Table 1: System parameters and their assumed size.

$$A = \left(\begin{array}{rrrrr} 10.0 & 0.0 & 3.0 & 0.0 \\ 0.0 & 20.0 & 8.0 & 5.0 \\ 4.0 & 0.0 & 30.0 & 0.0 \\ 1.0 & 0.0 & 6.0 & 40.0 \end{array}\right)$$

# 2 Related work

In the past, a number of special purpose machines has been proposed or built. In [18], a dedicated processor, called 'The White Dwarf', is described by Wolfe *et al.* for accelerating finite element analysis algorithms. Their system contains a wide memory organization, two floating point units and an ALU. This system has special support in memory for efficient link traversal. A special microcode compiler for a modified C subset supports the system.

In [17], Wing proposed a systolic array of processors with associative memory, connected in a ring. To solve a system of sparse linear equations, the columns are distributed over the processors in an interleaved manner.

In [1, 2], Amano *et al.* described a dedicated hierarchically built parallel machine with sophisticated shared memory that enables parallel conflict free reads. Although this machine is built to solve linear equations, it has a much broader range of use.

Others described architectural support for sparse computations. Banerjee *et al.* described a concept in [3] to enhance the memory usage of a SIMD machine for sparse computations. A special block of hardware reorders references to an array, distributed over parallel memories, such that per time step as many array elements as possible can be referenced without conflicts. This is described for both densely and sparsely stored arrays.

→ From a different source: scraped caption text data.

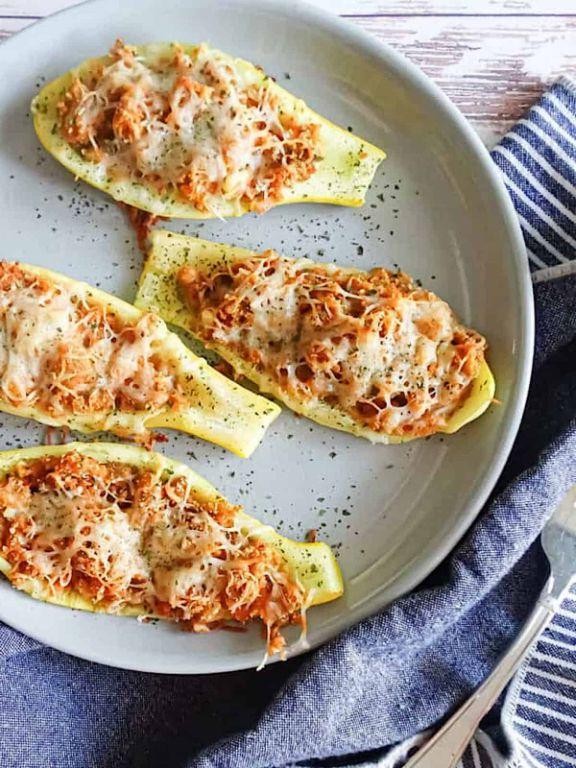 Stuffed Baked Yellow Squash Boats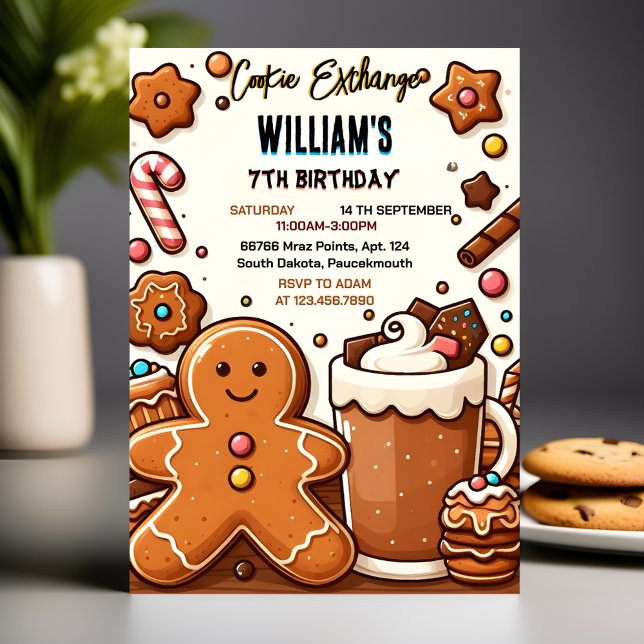 Convites Junte-se a um 7 de troca de cookies de comidas bon (Criador carregado)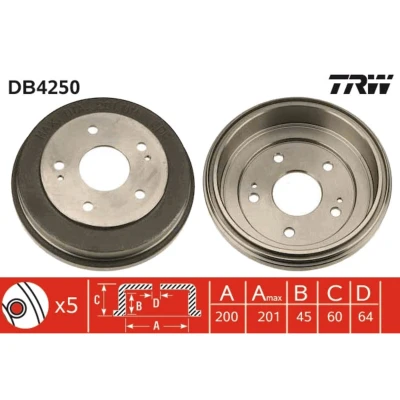 Imagen de TRW DB4250 Tambor de Freno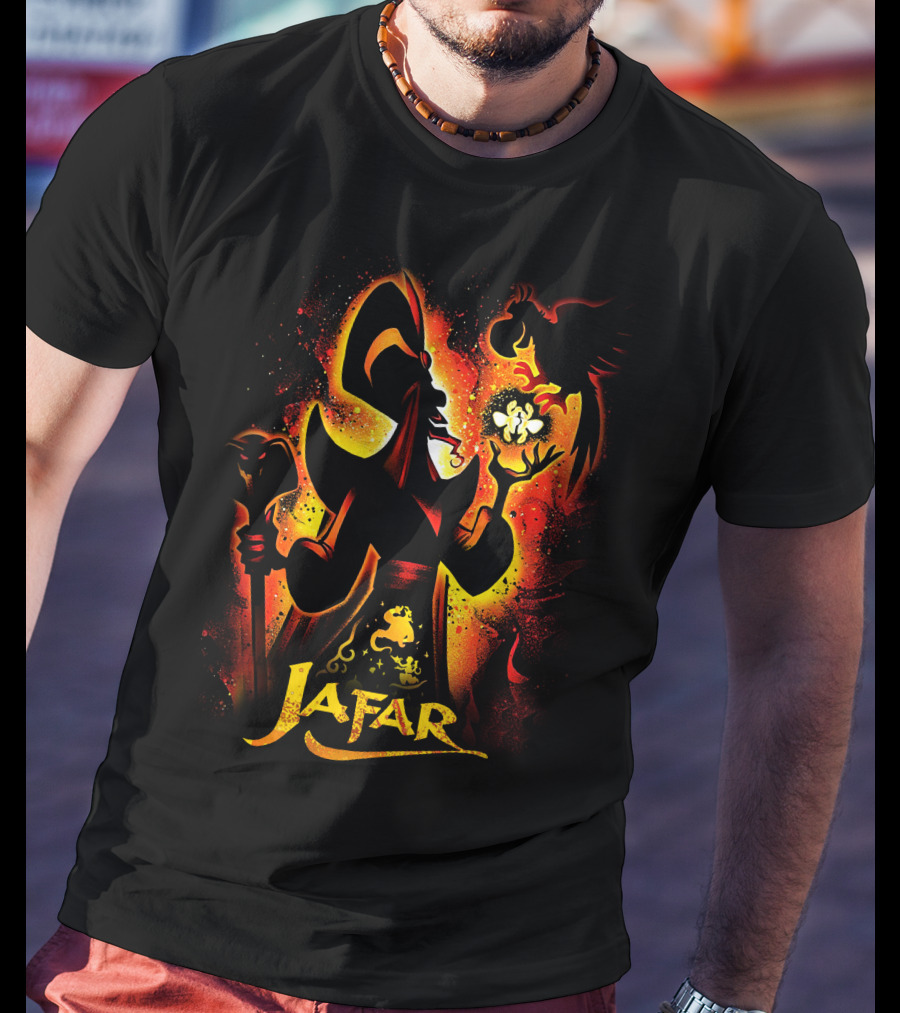 Jafar And Iago With Genie Lamp Silhouette T-Shirt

PSolve is a concurrent algorithm, described by Davis and Davidson in [8], for solving sparse systems of linear equations on parallel processors. In their paper, a so-called 'vector alignment unit' is proposed to achieve vector performance on a vector processor. This unit aligns two ordered sparse vectors for processing in an ALU, adding zeros to the input vectors if needed.

A similar alignment unit is described by Ibbett *et al.* in [12], together with the hardware support for the storage of ordered sparse vectors as a singly linked list of blocks. Variable-sized blocks are supported, as well as garbage-collection.

Hardware gather/scatter is in use on commercially available machines (e.g., the CRAY-2 and CRAY X-MP). The benefits of gather/scatter for sparse Gaussian elimination are discussed by Lewis and Simon in [14].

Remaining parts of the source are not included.